• Required work:
Print the listing in its entirety and exactly, leaving out images.
= = = = =
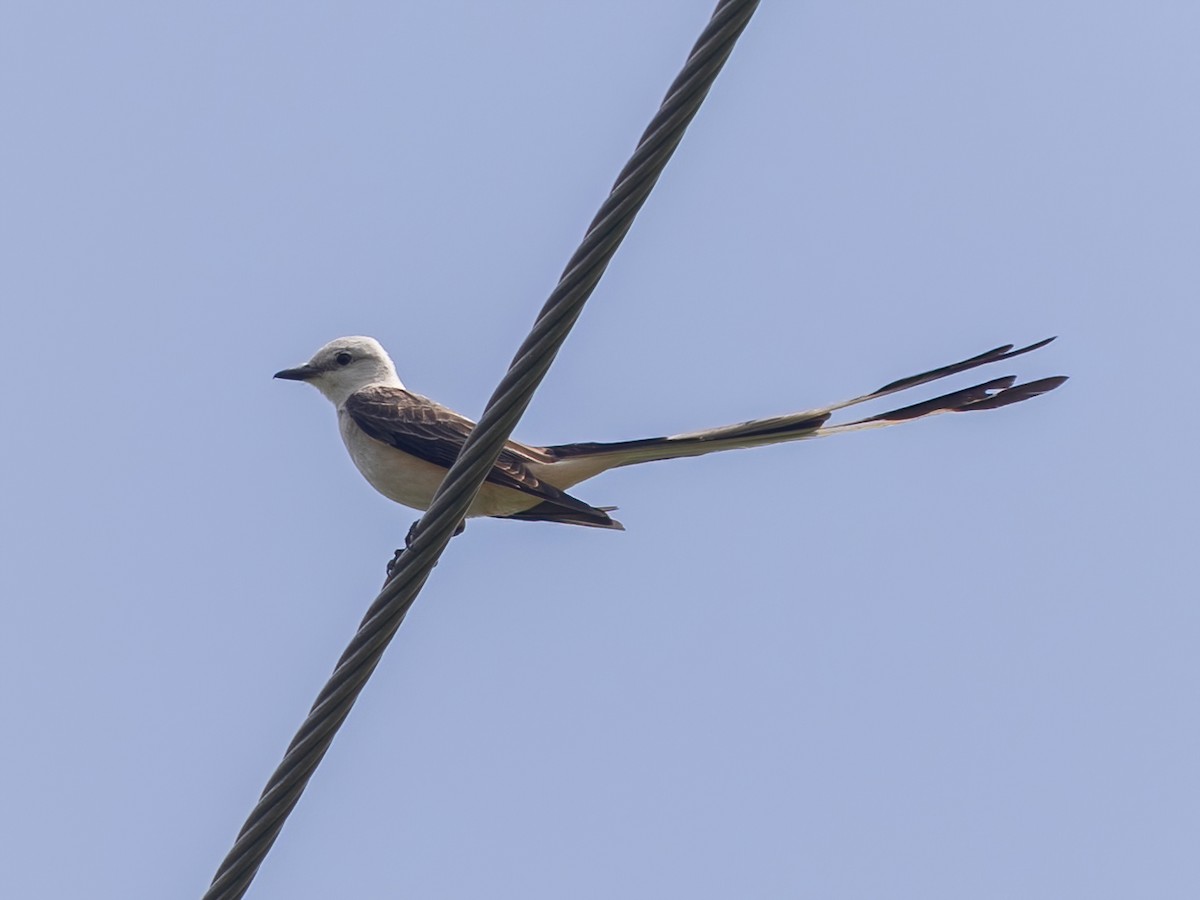 Scissor-tailed Flycatcher - ML619826133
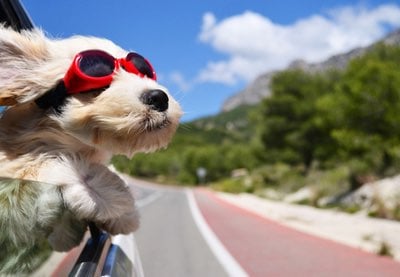 How to Manage Household Bills the Smart Way and Save Money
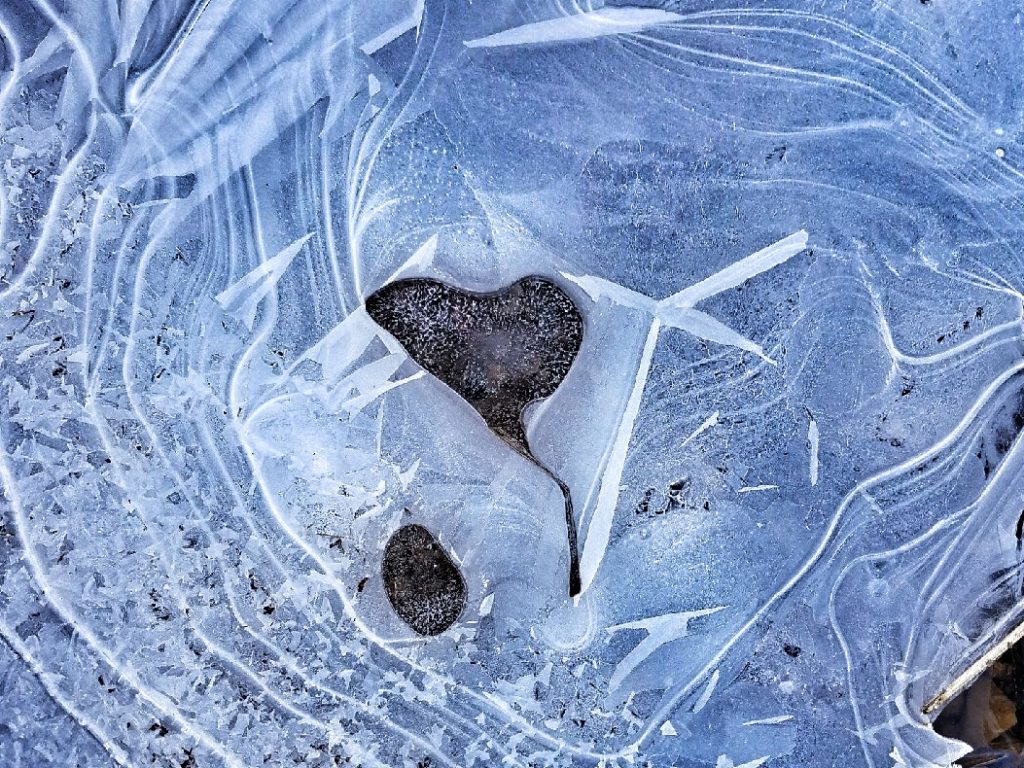 heart shape in ice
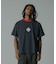 COLOR SCHEME RAGLAN S/S TEE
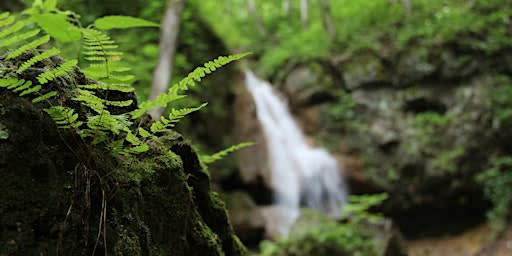 Guided Walk at Falls Ridge Nature Preserve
= = = = =
• Result of this exercise:
 Scissor-tailed Flycatcher - ML619826133
 How to Manage Household Bills the Smart Way and Save Money
 heart shape in ice
 COLOR SCHEME RAGLAN S/S TEE
 Guided Walk at Falls Ridge Nature Preserve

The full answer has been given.